In the epilogue, the narrator, living in the early 21st century, receives (from Eikhmanis's daughter) Galina's diary, which sheds light on her romance with the commandant (a source of great suffering for her) and explains the real motives behind some of her actions. The final notes outline the fates of the main characters: Artyom is murdered by criminals, Eikhmanis is executed, and Galina receives amnesty.

== Historical background ==
Prilepin recalls that he spent years preparing to write this long novel (nearly 800 pages), immersing himself in every available source about SLON: “I turned my home into a library of the Solovetsky Monastery,” he said.
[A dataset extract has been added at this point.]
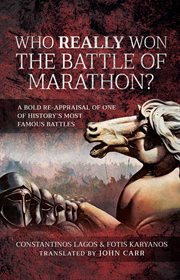 Who Really Won the Battle of Marathon? cover image cdn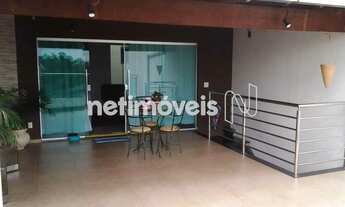 Imagem 3: Venda Casa geminada Cenáculo Belo Horizonte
The author cautions against equating the 1920s "experimental" camp with the later Gulag system portrayed by Shalamov and Solzhenitsyn. Most of the novel's characters are based on real historical figures, though their names are often altered. For example, the first commandants of the Solovki camp were in fact named Alexander Nogtev and Teodors Eihmans (rather than Eikhmanis).

== Criticism ==
The novel was generally well received by literary critics in Russia but was ignored by English-speaking critics. A critical note on the Polka literary site reads:

An artistic reconstruction of life in the Solovki labor camp of the 1920s. In The Abode, the camp is not merely a place of punishment, but a state within a state — a miniature model of the entire country, where the line between executioners and victims is less clear than it seems. Prilepin crafts a sweeping, intricately structured adventure novel with dozens of characters, portraying the camp from an unexpected angle: alongside deadly labor, hunger, and executions, there is also an orchestra and a museum; prisoners attend the theater and occasionally hold tea parties. For Prilepin, the cycle of suffering and torment is not an unspeakable crime to be condemned and overcome, but rather a paradoxical and thorny Russian path toward holiness — and it is no coincidence that the Solovki camp occupies the walls of a former monastery.